Hallo, ich benötige Hilfe.  Hat noch Jemand einen bayerischen Fragenkatalog von ca. 2000?  Ich würde den gerne kaufen. Wir benötigen den eventuell im Prozess gegen das Copyright in Baden-Württemberg.Verhandlung im Juni 2018 beim Verwaltungsgericht Stuttgart. Wir gehen davon aus dass die Fragen weitgehend von Bayern abgeschrieben wurden.


----------



## dreampike

*AW: Fischerprüfung Bayern*

Ihr habt einen Copyright-Prozess wegen des bayerischen Fragenkataloges 2000 und habt diesen nicht zur Verfügung?  Na ja, in vielen Medien wird ja der Mut zur Lücke propagiert...


----------



## willmalwassagen

*AW: Fischerprüfung Bayern*

Wir haben einen grundsätlichen Copyrightprozess gegen den Fragenkatalog des LFVBW. Die Rechtslage ist so, dass wir mit an Sicherheit grenzender Wahrscheinlichkeit  gewinnen werden.
Der alte Fragenkatalog aus Bayern wäre eventuell nur noch ein weiterer Punkt um zu belegen, dass kein Copyright existiert weil die  Fragen eventuell ursprünglich aus dem bayerischen Fragenkatalog abgeschrieben wurden.


----------



## Ossipeter

*AW: Fischerprüfung Bayern*

schau mal da:
http://www.fischerpruefung-bayern.de/Download/fragen_fischerpruefung_2000.pdf


----------



## Toni_1962

*AW: Fischerprüfung Bayern*



willmalwassagen schrieb:


> Wir haben einen grundsätlichen Copyrightprozess gegen den Fragenkatalog des LFVBW. Die Rechtslage ist so, dass wir mit an Sicherheit grenzender Wahrscheinlichkeit  gewinnen werden.
> Der alte Fragenkatalog aus Bayern wäre eventuell nur noch ein weiterer Punkt um zu belegen, dass kein Copyright existiert weil die  Fragen eventuell ursprünglich aus dem bayerischen Fragenkatalog abgeschrieben wurden.




Wer ist wir?


----------



## Naturliebhaber

*AW: Fischerprüfung Bayern*



Toni_1962 schrieb:


> Wer ist wir?



Er hatte vor einiger Zeit dazu schon mal was geschrieben:



willmalwassagen schrieb:


> Danke für die Info. In Baden-Württemberg geht der Streit weiter. Der Verband behauptet, er hat ein Copyright für diese Fragen. Wir sind dabei, dies gerichtlich zu klären.


----------



## Toni_1962

*AW: Fischerprüfung Bayern*

Aha ... und wenn der Verband in BW diese von BY abgeschrieben hat, bekommt ein dritter dennoch nicht das Recht, diese zu verwenden ...

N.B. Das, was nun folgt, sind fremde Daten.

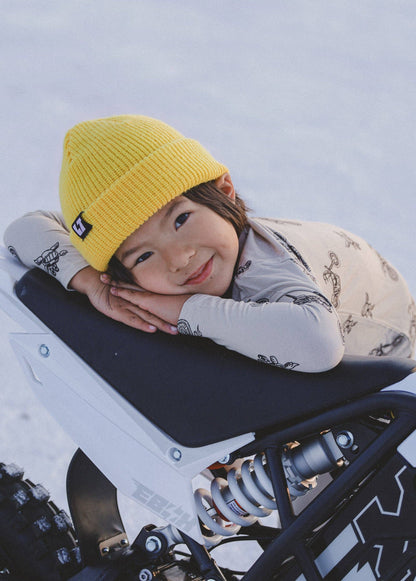 Moto Dreams Bamboo Jammies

also um was geht es wirklich?


----------



## Naturliebhaber

*AW: Fischerprüfung Bayern*



Toni_1962 schrieb:


> Aha ... und wenn der Verband in BW diese von BY abgeschrieben hat, bekommt ein dritter dennoch nicht das Recht, diese zu verwenden ...
> 
> also um was geht es wirklich?



So wie ich willmalwassagen in der Diskussion damals verstanden habe, klagt sein Verein dagegen, dass der Verband behauptet, das Copyright für den Fragenkatalog zu haben, obwohl diese Voraussetzung zum Ablegen der Prüfung und somit zum Angeln in Baden-Würtemberg sind. Aber er wird sich dazu hier sicher selbst äußern.


----------



## Naturliebhaber

*AW: Fischerprüfung Bayern*



bastido schrieb:


> Mich macht das schon wieder sprachlos, Copyright an Fischereiprüfungsfragen scheint ein drängendes Problem für die Mitglieder.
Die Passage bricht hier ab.